Data for review
-- -- --
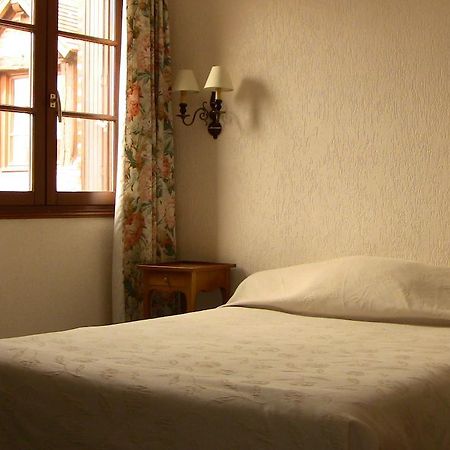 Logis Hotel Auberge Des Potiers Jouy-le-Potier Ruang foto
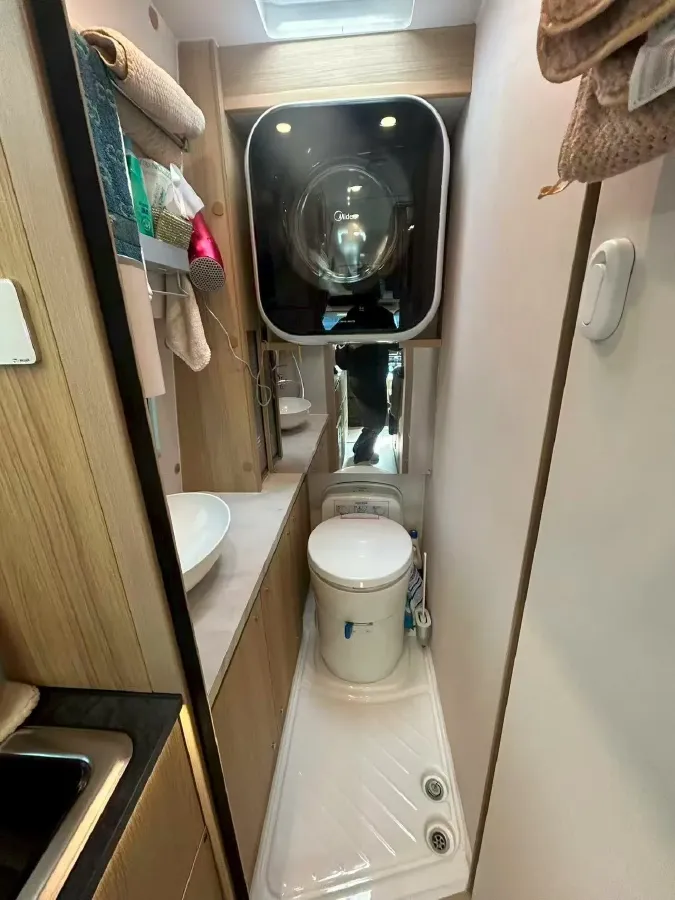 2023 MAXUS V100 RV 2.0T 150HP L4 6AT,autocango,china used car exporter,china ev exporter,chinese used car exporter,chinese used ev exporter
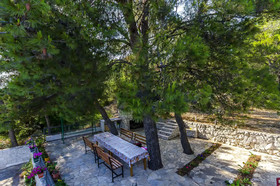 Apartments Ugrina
-- -- --
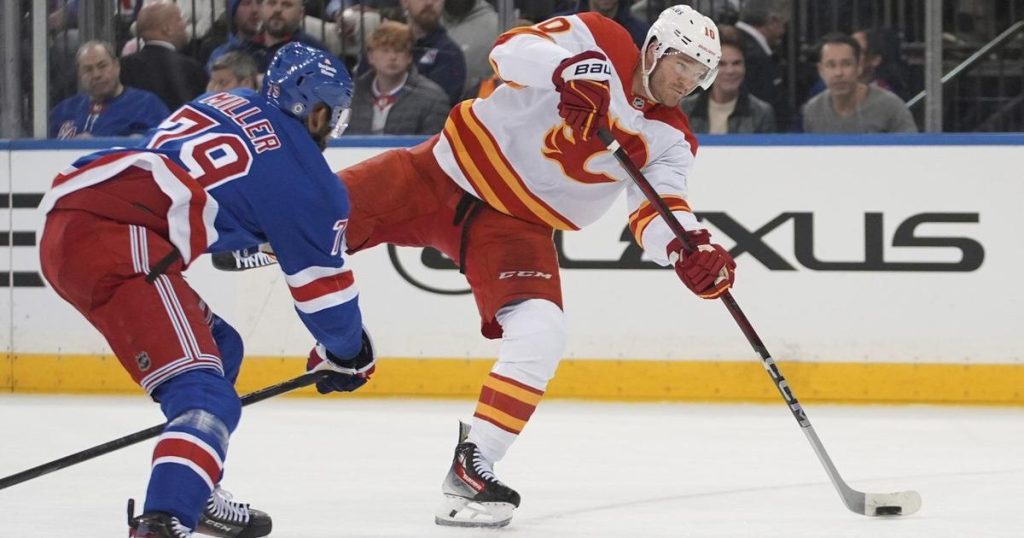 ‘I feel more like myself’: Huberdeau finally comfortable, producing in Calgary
-- -- --
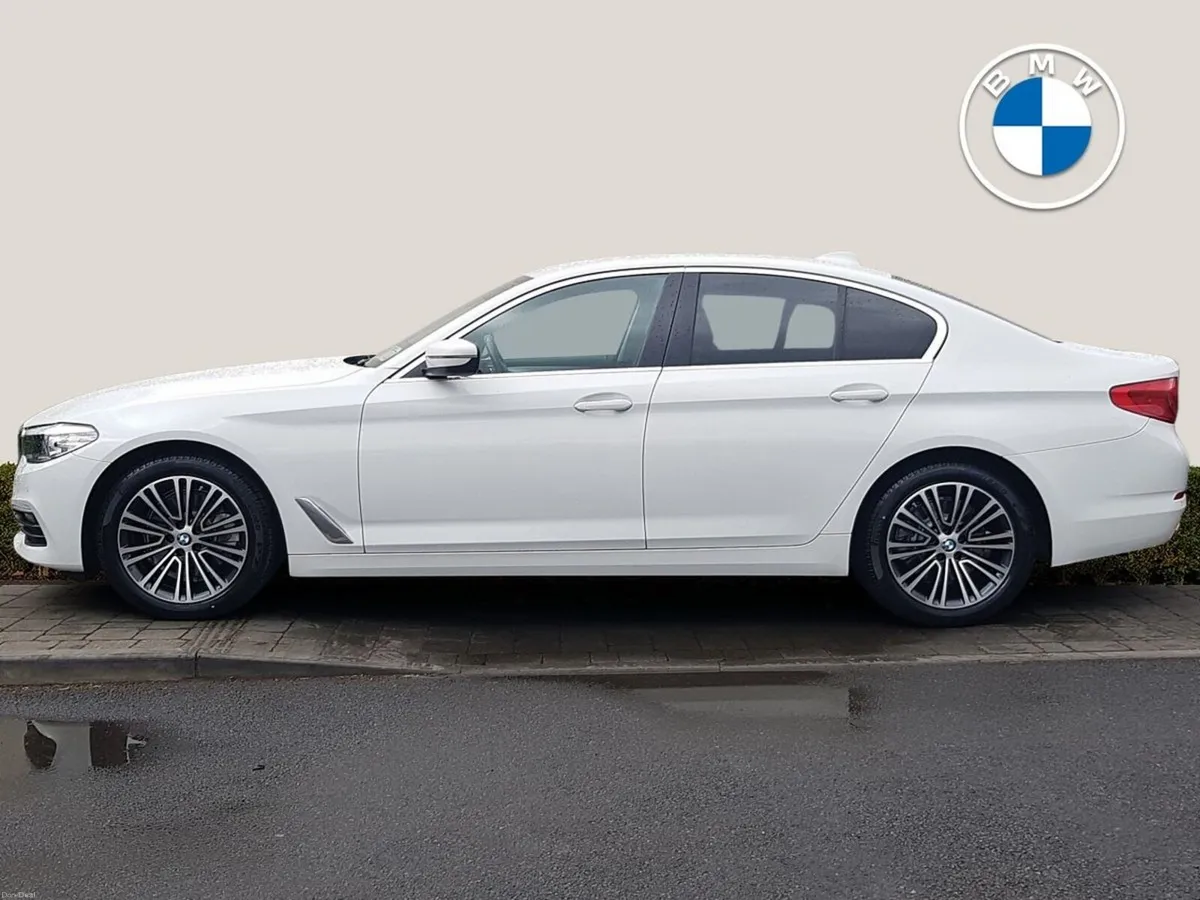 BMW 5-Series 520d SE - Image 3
-- -- --
Activity
I'd like the lines above repeated exactly, from the one that contains "2023 MAXUS V100" through the one that contains "Apartments Ugrina", with no pictures.

Response to the exercise
 2023 MAXUS V100 RV 2.0T 150HP L4 6AT,autocango,china used car exporter,china ev exporter,chinese used car exporter,chinese used ev exporter
 Apartments Ugrina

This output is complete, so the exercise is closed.